Short text fragments from websites:
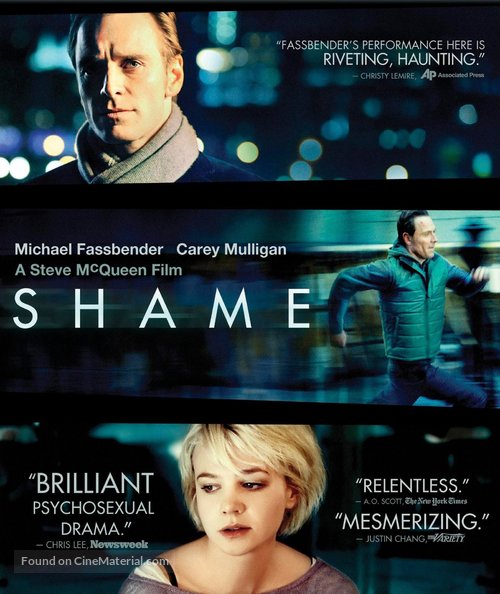 Shame - Blu-Ray movie cover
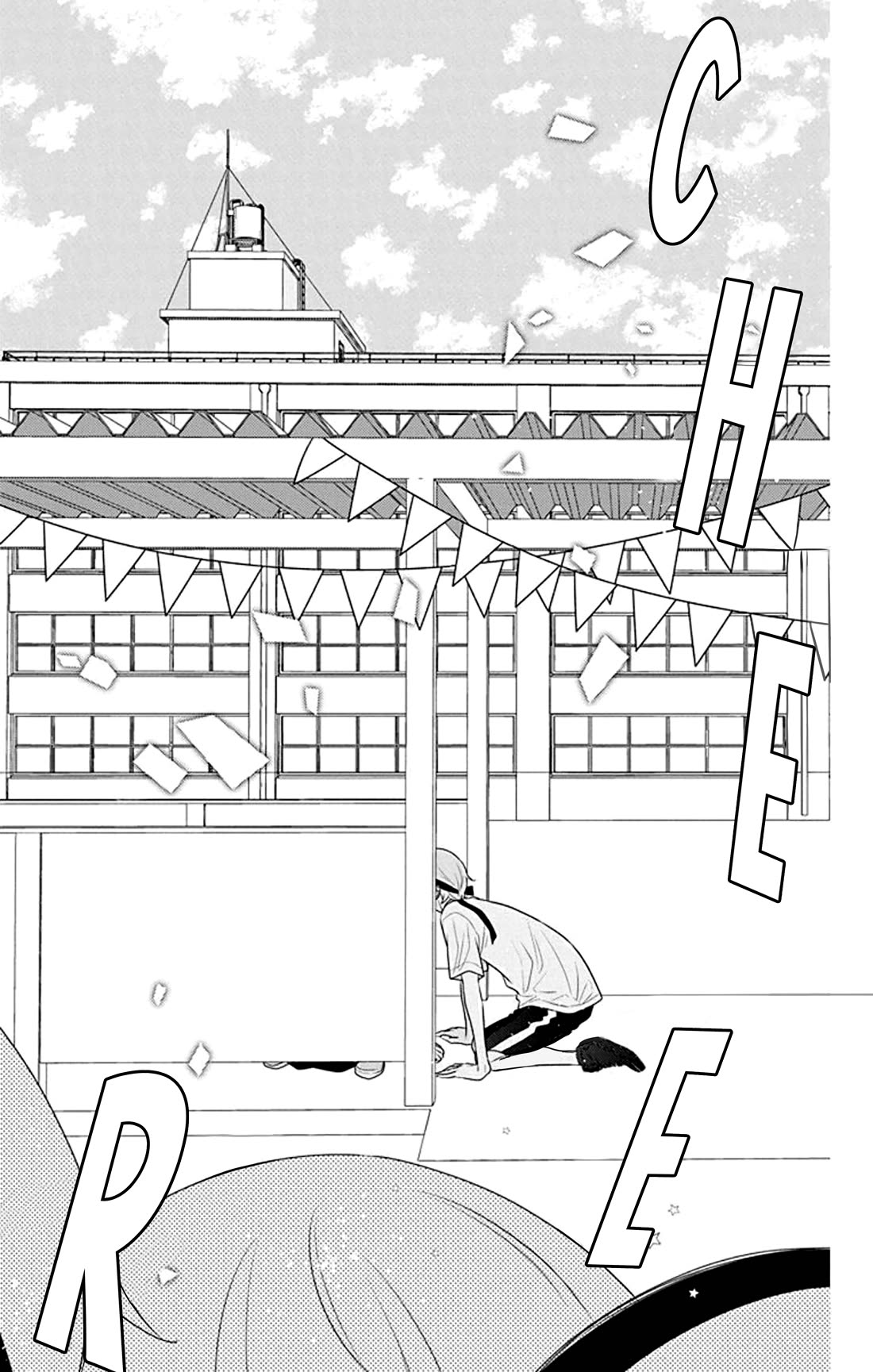 Koi ni Mudaguchi Chapter 31 page 35 - Chapter 31: Mistake and kiss.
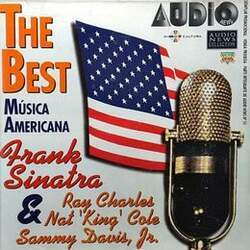 CD THE BEST Música Americana Frank Sinatra & Ray Charles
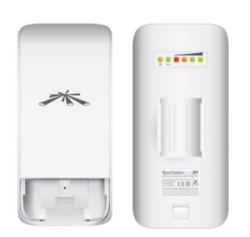 Ubiquiti NanoStation Loco M2, outdoor 2.4GHz MIMO, 2x 8dBi, AirMax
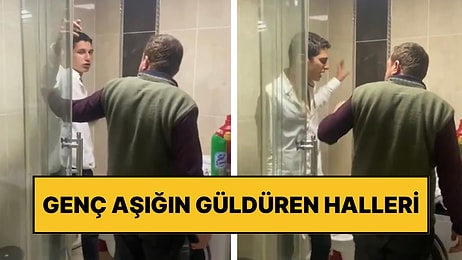 Sevdiği Kızın Adını Sayıklayan Genci Babası Zor Sakinleştirdi: O Anlarıyla Herkesi Güldürdü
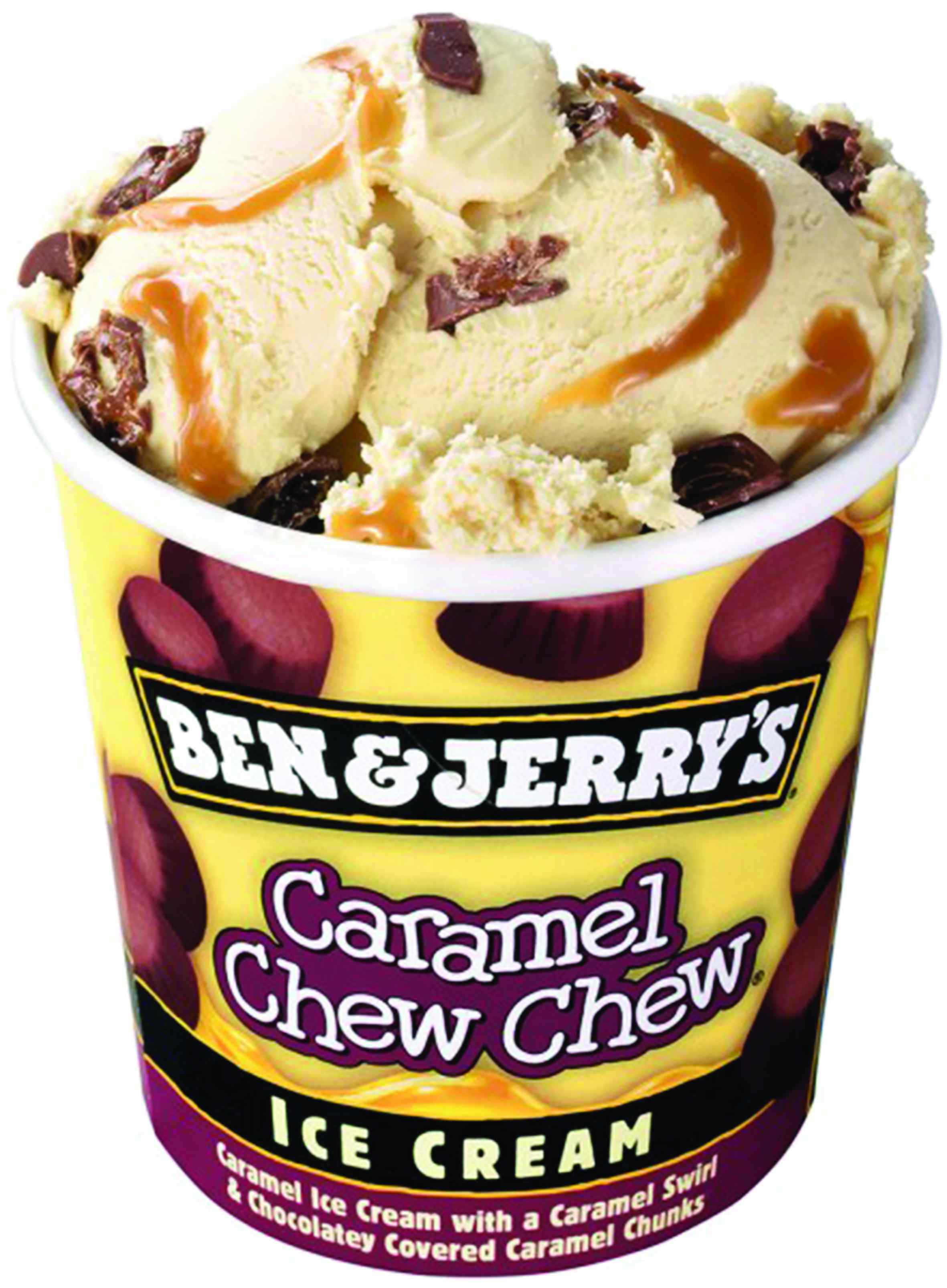 BEN & JERRY's  Caramel Chew(8 x 465 ml)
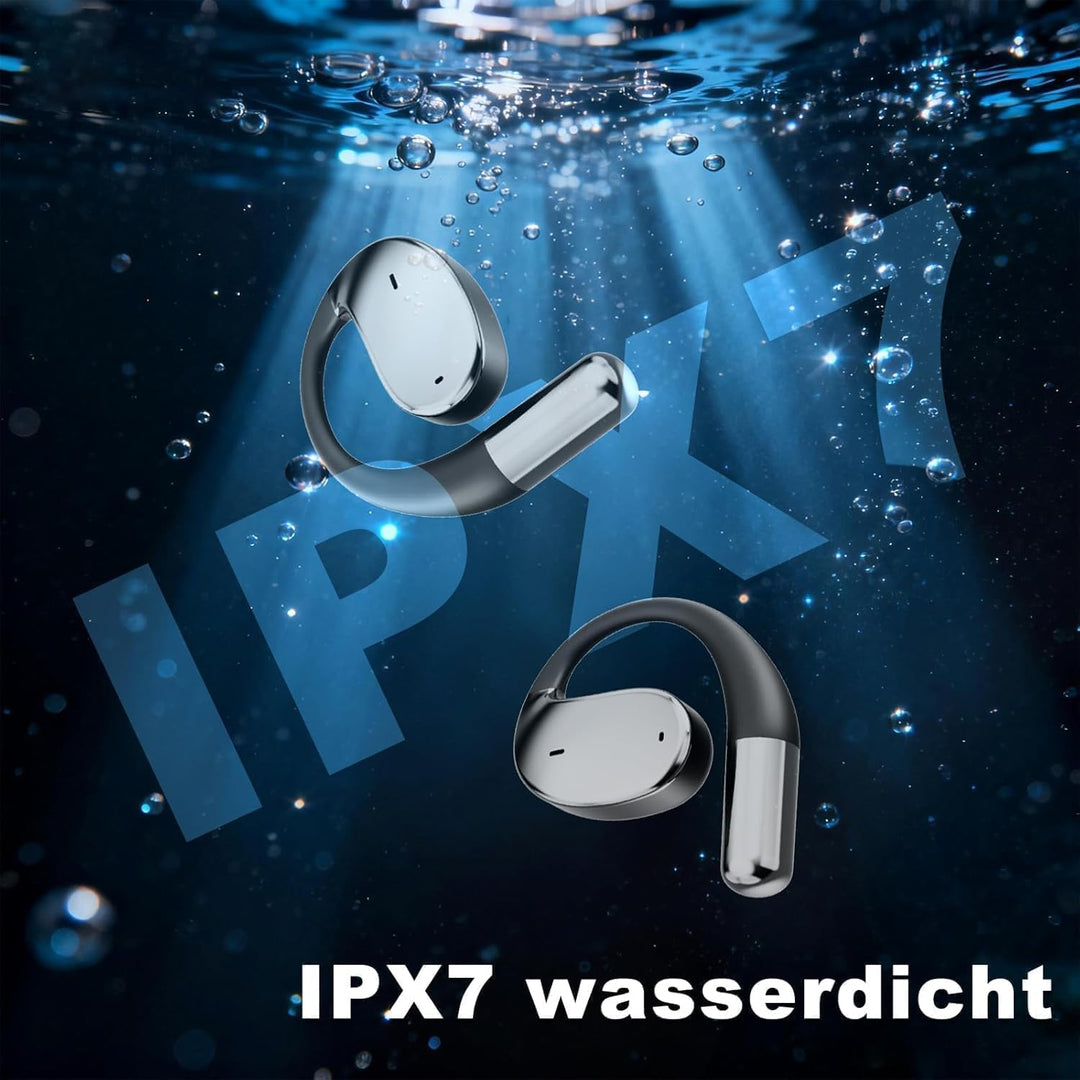 AI Kopfhörer Übersetzer, unterstützt 164 Sprachen/6 Übersetzungsmodi, Übersetzer Ohrhörer 3-in-1-Übe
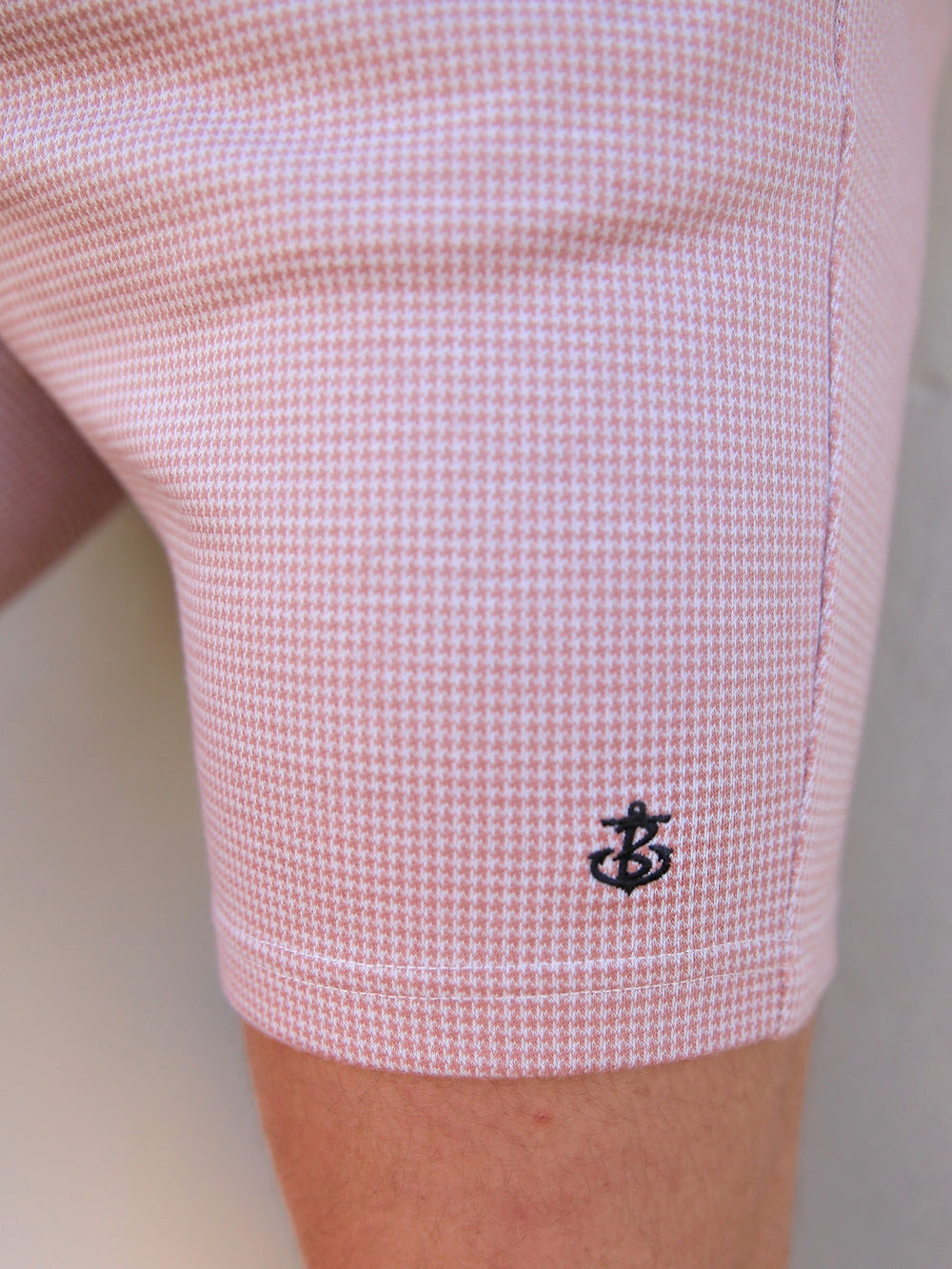 Pink Blakely Midar Check Shorts | PIO195634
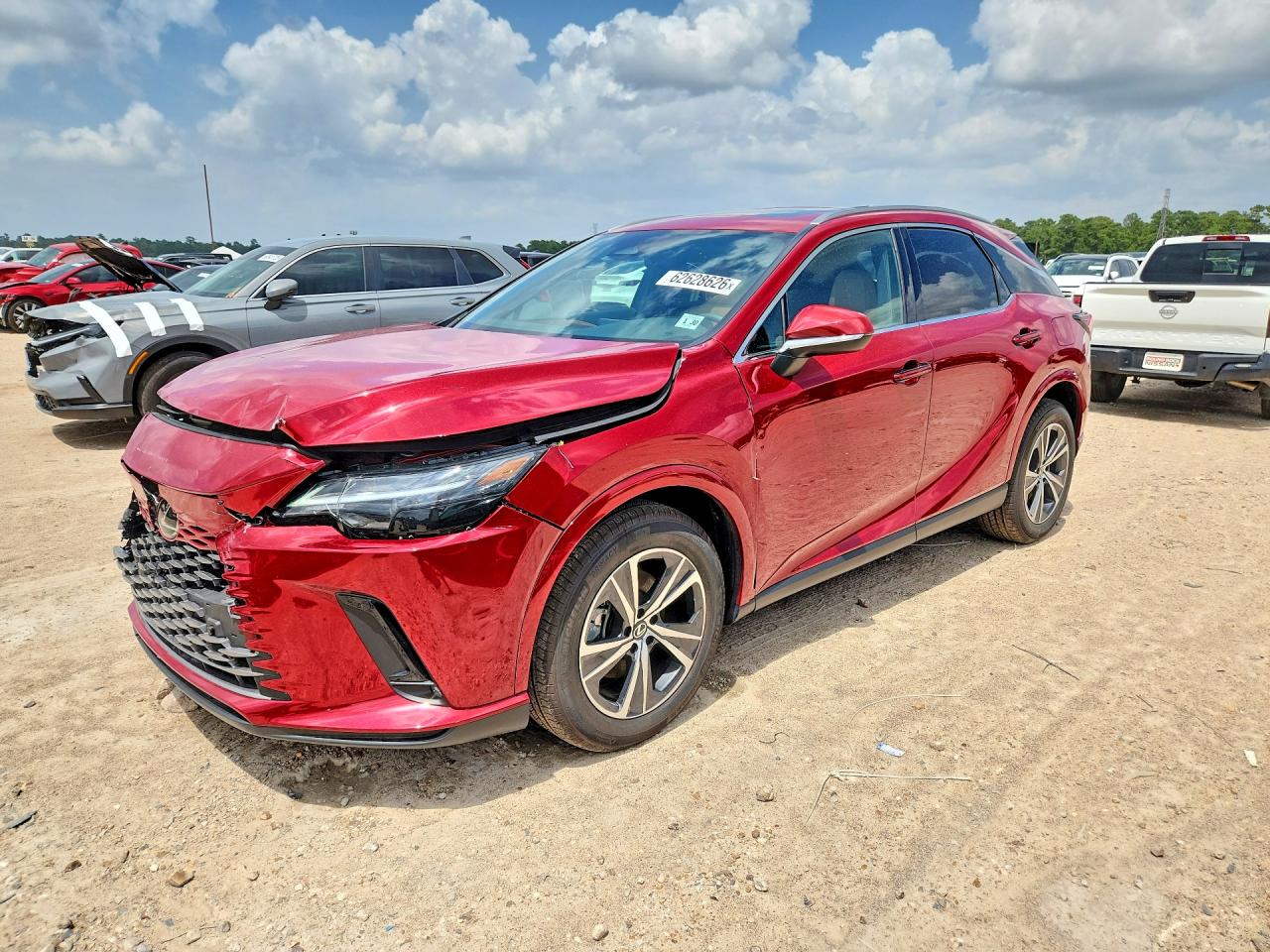 2026 Lexus RX 350 Premium, VIN 2T2BAMCAXTC130987 — Front end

TASK TO CARRY OUT: Make an exact copy of the records above. Keep out every picture.

ANSWER SECTION:
 Shame - Blu-Ray movie cover
 Koi ni Mudaguchi Chapter 31 page 35 - Chapter 31: Mistake and kiss.
 CD THE BEST Música Americana Frank Sinatra & Ray Charles
 Ubiquiti NanoStation Loco M2, outdoor 2.4GHz MIMO, 2x 8dBi, AirMax
 Sevdiği Kızın Adını Sayıklayan Genci Babası Zor Sakinleştirdi: O Anlarıyla Herkesi Güldürdü
 BEN & JERRY's  Caramel Chew(8 x 465 ml)
 AI Kopfhörer Übersetzer, unterstützt 164 Sprachen/6 Übersetzungsmodi, Übersetzer Ohrhörer 3-in-1-Übe
 Pink Blakely Midar Check Shorts | PIO195634
 2026 Lexus RX 350 Premium, VIN 2T2BAMCAXTC130987 — Front end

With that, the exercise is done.